AgentSkillsCN

browser-automation

通过 CDP 远程控制 Chrome 浏览器,实现标签页管理、页面导航、截图以及自动化操作。适用于以下场景:(1) 无需新建标签页,即可按域名查找现有浏览器标签页;(2) 在现有标签页或新标签页中导航至指定 URL;(3) 截取网页截图;(4) 自动化浏览器交互操作;(5) 管理多个浏览器上下文与页面。

SKILL.md
--- frontmatter
name: browser-automation
description: "Control remote Chrome browser via CDP for tab management, navigation, screenshots, and automation. Use when: (1) Finding existing browser tabs by domain without creating duplicates, (2) Navigating to specific URLs in existing or new tabs, (3) Taking screenshots of web pages, (4) Automating browser interactions, (5) Managing multiple browser contexts and pages."

Browser Automation Skill

Control remote Chrome browser via Chrome DevTools Protocol (CDP) for reliable tab management and automation.

Core Features

  • No duplicate tabs: Always finds existing tabs by domain
  • Domain-based search: Match tabs by domain (handles x.com/twitter.com variations)
  • Automatic navigation: Opens target URL in found or created tab
  • CDP integration: Returns tab ID and WebSocket URL for direct control
  • Cross-context search: Checks ALL browser contexts, not just the first

Prerequisites

  • Chrome running with remote debug port (e.g., --remote-debugging-port=9222)
  • CDP endpoint accessible (e.g., http://10.0.9.105:9222)
  • Python 3.8+ with playwright installed

Quick Start

python
import sys
sys.path.insert(0, '<skill-path>/scripts')
from browser_tools import find_or_create_tab

async def example():
    # Find tab with domain "x.com" and navigate to URL
    page, browser, p, is_new, cdp_id, ws_url = await find_or_create_tab(
        "x.com",                           # Domain to search for
        "https://x.com/oraclesrun"         # URL to open in the tab
    )
    
    # is_new = False if reused existing tab, True if created new
    # cdp_id = Chrome DevTools tab ID
    # ws_url = WebSocket URL for direct CDP connection
    
    await page.screenshot(path="/tmp/screenshot.png")
    
    # Close connection, keep tab open
    await browser.close()
    await p.stop()

Main Functions

find_or_create_tab(domain, target_url=None)

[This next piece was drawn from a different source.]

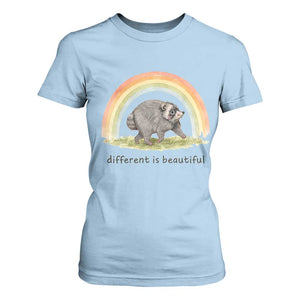 Cute Viral Raccoon Positive Quote T Shirt For Women Different Is Beautiful Pastel Rainbow Graphic TS02 Light Blue Print Your Wear
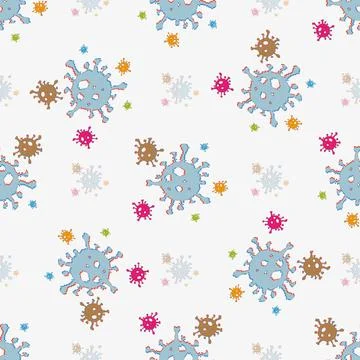 Seamless pattern glitch effect Coronavirus COVID-19 . Virus bacteria nCoV Stock Illustration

Find existing tab by domain or create new one, then navigate to target_url.

Parameters:

  • domain (str): Domain to search for (e.g., "x.com", "github.com")
  • target_url (str, optional): URL to navigate to in the tab

Returns: (page, browser, playwright, is_new, cdp_id, ws_url)

  • page: Playwright page object
  • browser: Playwright browser object
  • p: Playwright instance
  • is_new: Boolean (False=reused existing, True=created new)
  • cdp_id: Chrome DevTools tab ID
  • ws_url: WebSocket debugger URL

Example:

python
# Find x.com tab, navigate to specific profile
page, browser, p, is_new, cdp_id, ws_url = await find_or_create_tab(
    "x.com",
    "https://x.com/elonmusk"
)

if is_new:
    print(f"Created new tab: {cdp_id}")
else:
    print(f"Reused existing tab: {cdp_id}")

list_tabs()

List all open tabs across ALL browser contexts with CDP information.

Returns: List of dicts with keys:

  • index: Tab index
  • context: Context index
  • cdp_id: Chrome DevTools tab ID
  • websocket_url: WebSocket debugger URL
  • url: Tab URL
  • domain: Extracted domain
  • title: Page title

Example:

python
tabs = await list_tabs()
for tab in tabs:
    print(f"{tab['cdp_id']}: {tab['url']}")

Domain Matching

The skill handles domain variations automatically:

Search DomainMatches URLs
x.comx.com, twitter.com
twitter.comtwitter.com, x.com
github.comgithub.com only

Command Line Usage

bash
# List all tabs
python3 browser_tools.py list_tabs

# Find or create tab
python3 browser_tools.py find_or_create_tab <domain> [url]

# Examples:
python3 browser_tools.py find_or_create_tab x.com https://x.com/home
python3 browser_tools.py find_or_create_tab github.com

Best Practices

Always check is_new

python
page, browser, p, is_new, cdp_id, ws_url = await find_or_create_tab("x.com")

if is_new:
    print("WARNING: Created new tab - check for duplicates!")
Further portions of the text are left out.